Is the space of Radon measures a Polish space or at least separable?
No. Let $\Omega=[0,1]$. If $x\in[0,1]$, let $\delta_x$ be the point mass at $x$. They are all Radon measures. It is not that hard to show that $\|\delta_x-\delta_{x'}\|=2$. So you can construct an uncountable family of disjoint open balls. Since a separable metrizable space has a countable basis, this shows that the space in question is not separable.

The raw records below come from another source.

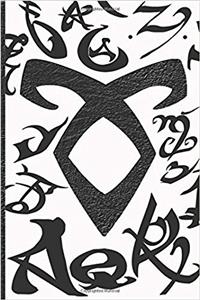 The Mortal Instruments City of Bones - Shadowhunters Journal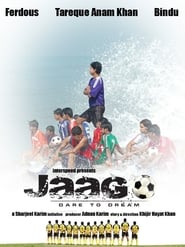 Jaago' Poster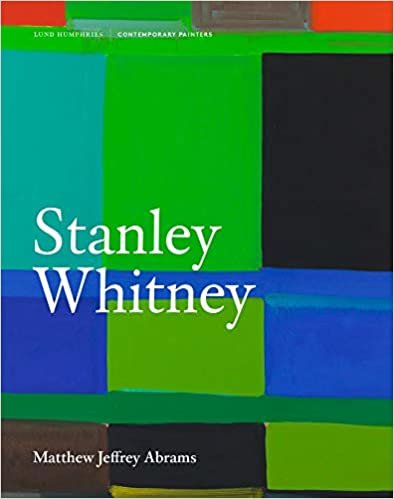 Stanley Whitney (Contemporary Painters)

If there exists a subspace $S$ with a countable dense subset $\{\mu_n|n\in\mathbb{N}\}$, then every element of $S$ will be absolutely continuous with respect to $\sum_n 2^{-n}\bar{\mu}_n$ where $\bar{\mu}_n$ is the normalization of $\mu_n$ to having total mass $1$. So separable subspaces are exactly those included in a $L_1$-space for some measure.
Unbounded domains may bring additional complications.

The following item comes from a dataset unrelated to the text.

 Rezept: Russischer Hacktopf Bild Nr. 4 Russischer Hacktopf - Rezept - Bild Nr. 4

With respect to the norm topology, the space of Radon measures on a domain $\Omega$ is not seperable. Indeed, for any two distinct points $x,y$ in $\Omega$, the Dirac measures $\delta_x$ and $\delta_y$ (where $\delta_x(f)=f(x)$) satisfy $\|\delta_x-\delta_y\|=2$ since you can always find a compactly supported smooth function $f$ with $f(x)=-f(y)=1=\|f\|_\infty$. Any metric space that contains uncountably many disjoint open balls cannot be seperable. Of course there are many subspaces of Radon measures that are seperable in the norm topology, e.g., as you noted $L^1$ naturally embeds as a subspace and is seperable.
The space of Radon measures on a domain $\Omega$ is seperable in the weak$^*$ topology (This is probably the remark you allude to have read somewhere.) Indeed, consider the countable set $M_Q$ of measures of the form $\sum_{x \in S} a_x \delta_x$ where the coefficients $a_x$ are rational and $S$ runs over finite sets of points with rational coordinates. This $M_Q$ is countable and weak$^*$ dense. Also the embedding of $L^1$ as space of measures with absolutely continuous to Lebesgue measure is dense, and this gives another proof of weak$^*$ seperability.

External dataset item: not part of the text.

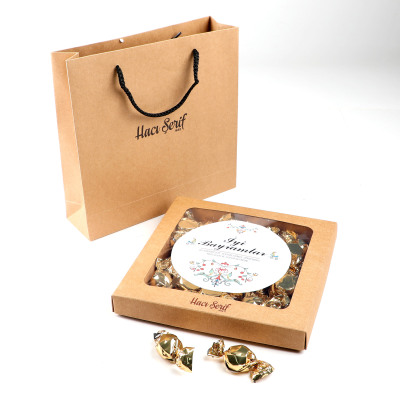 Bayram Hediyesi Karamella 450g - 2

The other answers very adequately explain why the norm topology is not Polish except for trivial cases, so this answer is about the weak-* topology. Also, most results in the literature are about the space of Radon probability measures, not signed measures or positive measures, so I'll concentrate on this case.
If $\Omega \subseteq \mathbb{R}$ is bounded, then $\overline{\Omega}$ is compact and metrizable. It is generally the case that if $X$ is compact and metrizable, $C(X)$ is separable, and from this it follows that the unit ball of $C(X)^*$ is compact and metrizable in the weak-* topology (a.k.a. $\sigma(C(X)^*,C(X))$), and therefore Polish. Since the set of Radon probability measures is a closed subset of this unit ball, it is itself Polish. This is the easiest case to prove.
More generally, for every Borel probability measure on a Polish space $X$, we can map it into the dual space of the C$^*$-algebra of bounded continuous functions $C_b(X)$ by $$ \mu \mapsto \left( f \mapsto \int_X f \mathrm{d}\mu \right) $$ If we topologize the image of this with the weak-* topology coming from $C_b(X)$, we get a Polish topology. This is true even though the unit ball of $C_b(X)^*$ need not even be weak-* first-countable (this already happens for $X = \mathbb{R}$, although as $\mathbb{R}$ is locally compact you can use the weak-* topology coming from $C_0(\mathbb{R})$ instead). One place that this is proved is in Kechris's Classical Descriptive Set Theory Theorem 17.23 on page 112.
One last thing - a measure is sometimes defined to be Radon if it is locally finite and inner regular with respect to compact sets. This is true for all $\sigma$-finite measures on Polish spaces, so does not define a distinct type of measure in this case.